++++ Data extract

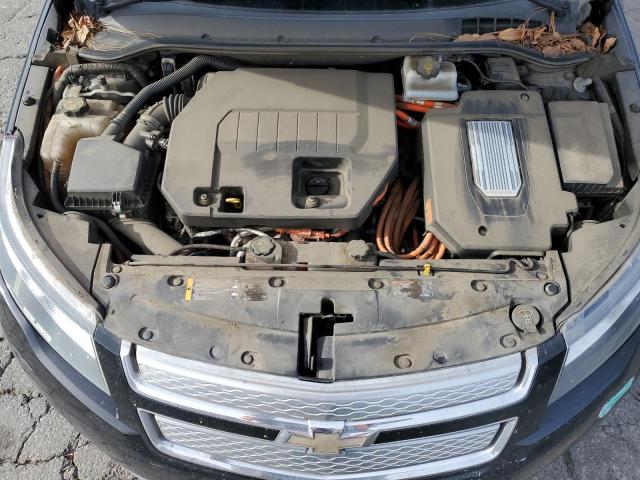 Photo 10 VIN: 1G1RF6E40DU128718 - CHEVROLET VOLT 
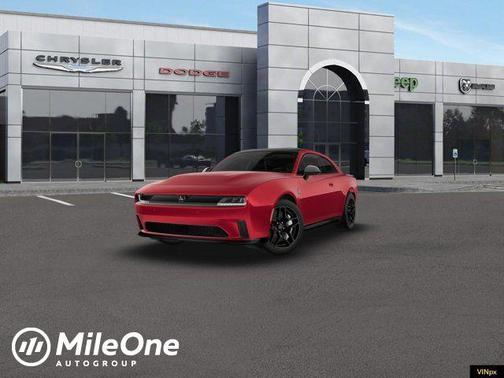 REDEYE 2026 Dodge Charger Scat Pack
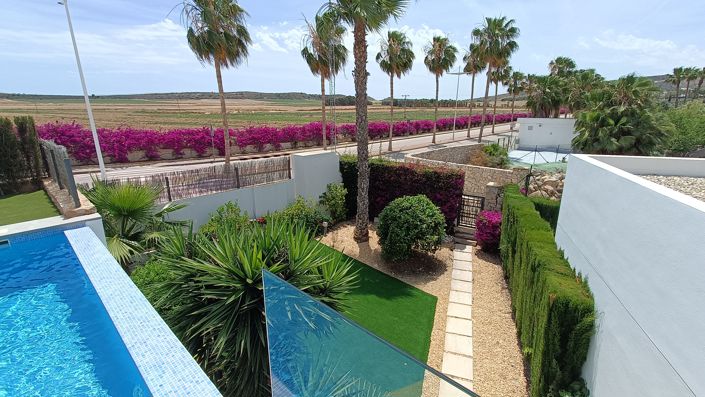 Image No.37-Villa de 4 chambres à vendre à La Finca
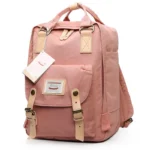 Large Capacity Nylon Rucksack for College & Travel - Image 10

++++++++

A faithful copy is needed: reproduce all of the data above, leaving the pictures out.

 Photo 10 VIN: 1G1RF6E40DU128718 - CHEVROLET VOLT 
 REDEYE 2026 Dodge Charger Scat Pack
 Image No.37-Villa de 4 chambres à vendre à La Finca
 Large Capacity Nylon Rucksack for College & Travel - Image 10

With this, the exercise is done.